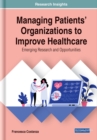 Managing Patients' Organizations to Improve Healthcare : Emerging Research and Opportunities - Book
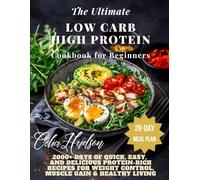 The Ultimate Low Carb High Protein Cookbook for Beginners: 2000+ Days of Quick, Easy, and Delicious Protein-Rich Recipes for Weight Control, Muscle Gain & Healthy Living | 28-Day Meal Plan Included.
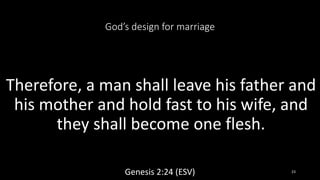 God’s design for marriage
Therefore, a man shall leave his father and
his mother and hold fast to his wife, and
they shall become one flesh.
Genesis 2:24 (ESV) 23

..............................

* _Work required_: Check every line of the data for the word "shall". The response is the count alone.

* _Output of the task_: 2